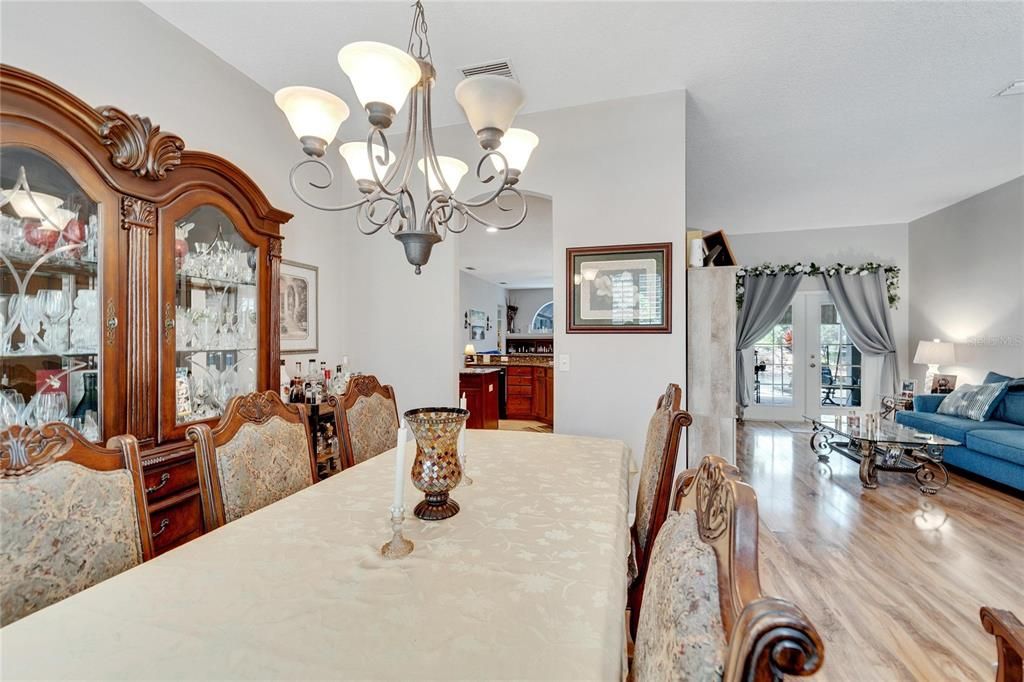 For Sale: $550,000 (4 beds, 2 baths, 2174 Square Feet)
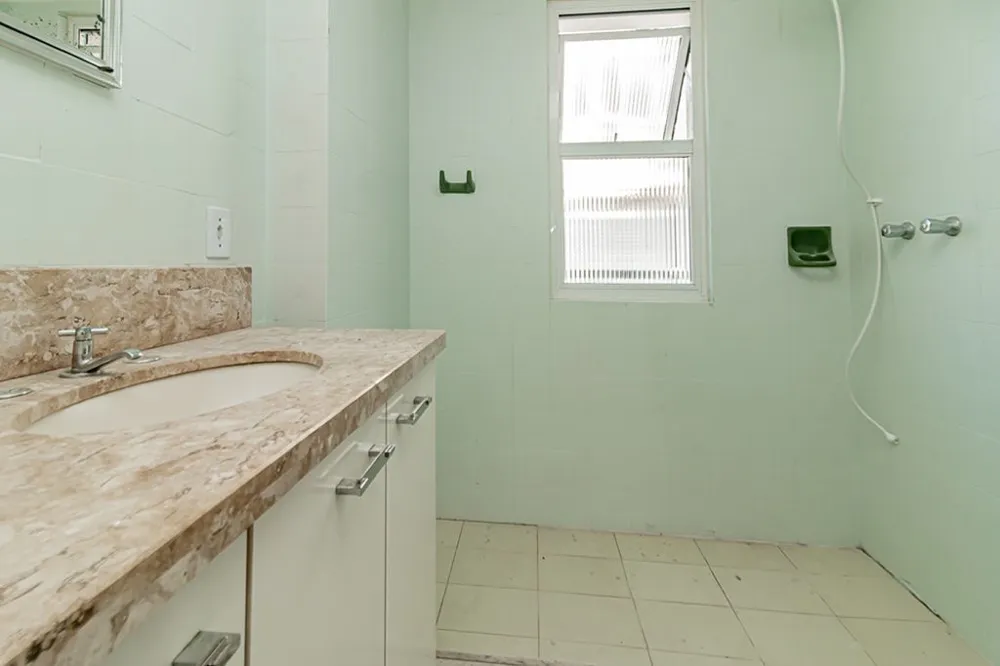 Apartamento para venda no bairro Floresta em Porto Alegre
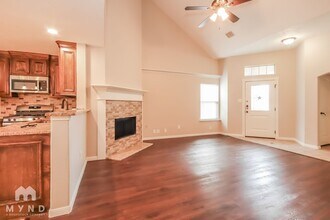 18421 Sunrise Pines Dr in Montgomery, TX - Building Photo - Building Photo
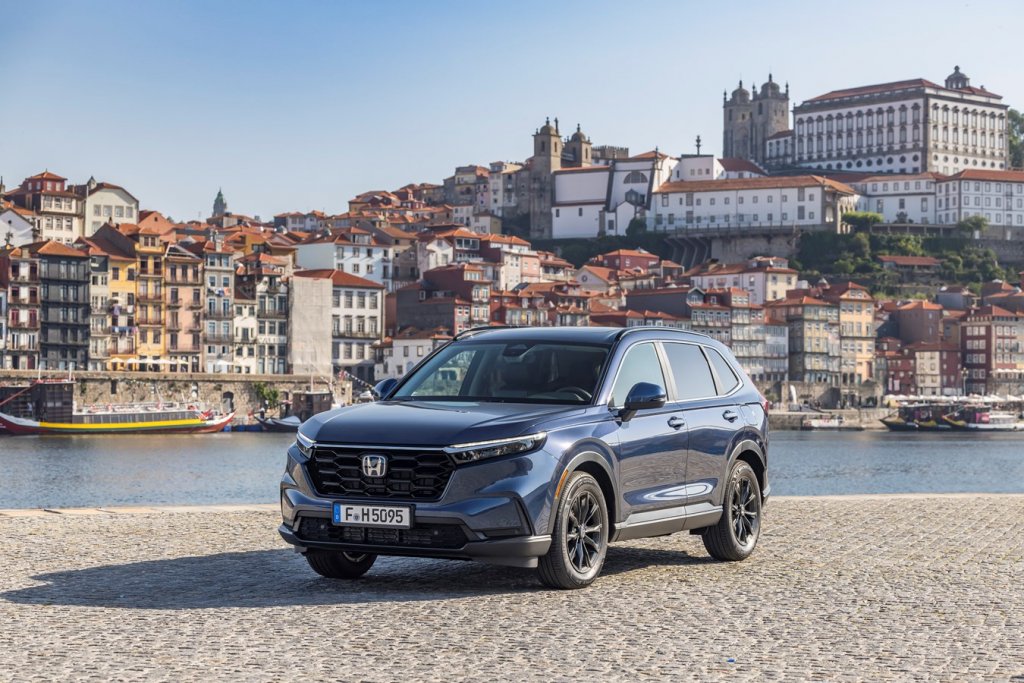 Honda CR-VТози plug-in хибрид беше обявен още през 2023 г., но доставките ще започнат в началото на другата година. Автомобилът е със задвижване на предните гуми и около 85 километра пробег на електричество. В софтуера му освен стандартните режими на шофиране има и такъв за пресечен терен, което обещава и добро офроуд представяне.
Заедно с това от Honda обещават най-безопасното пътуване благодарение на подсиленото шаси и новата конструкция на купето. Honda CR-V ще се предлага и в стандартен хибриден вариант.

Exercise prompt: Each entry above should be restated word for word, though no picture may appear in the copy.

Solved problem:
 For Sale: $550,000 (4 beds, 2 baths, 2174 Square Feet)
 Apartamento para venda no bairro Floresta em Porto Alegre
 18421 Sunrise Pines Dr in Montgomery, TX - Building Photo - Building Photo
 Honda CR-VТози plug-in хибрид беше обявен още през 2023 г., но доставките ще започнат в началото на другата година. Автомобилът е със задвижване на предните гуми и около 85 километра пробег на електричество. В софтуера му освен стандартните режими на шофиране има и такъв за пресечен терен, което обещава и добро офроуд представяне.
Заедно с това от Honda обещават най-безопасното пътуване благодарение на подсиленото шаси и новата конструкция на купето. Honda CR-V ще се предлага и в стандартен хибриден вариант.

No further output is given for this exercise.